Print the data once more, exactly as given. Drop the pictures.

Supplied data:
>>
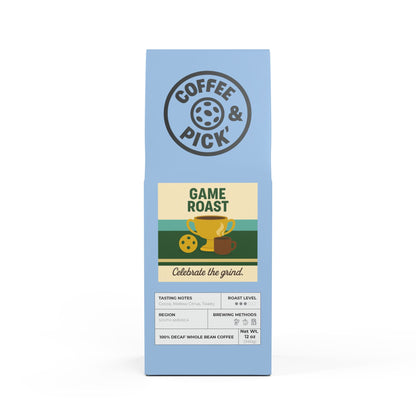 Trapper Peak Decaf Coffee Blend (Medium Roast) - Coffee & Pick’ Collection
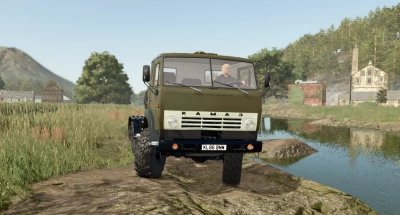 Kamaz 44108 v1.0.0.0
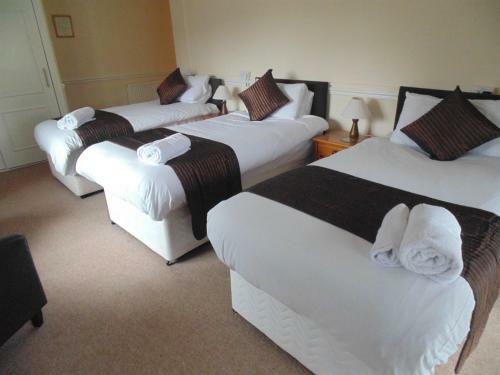 Hotel The Lenchford Inn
<<
Output:
 Trapper Peak Decaf Coffee Blend (Medium Roast) - Coffee & Pick’ Collection
 Kamaz 44108 v1.0.0.0
 Hotel The Lenchford Inn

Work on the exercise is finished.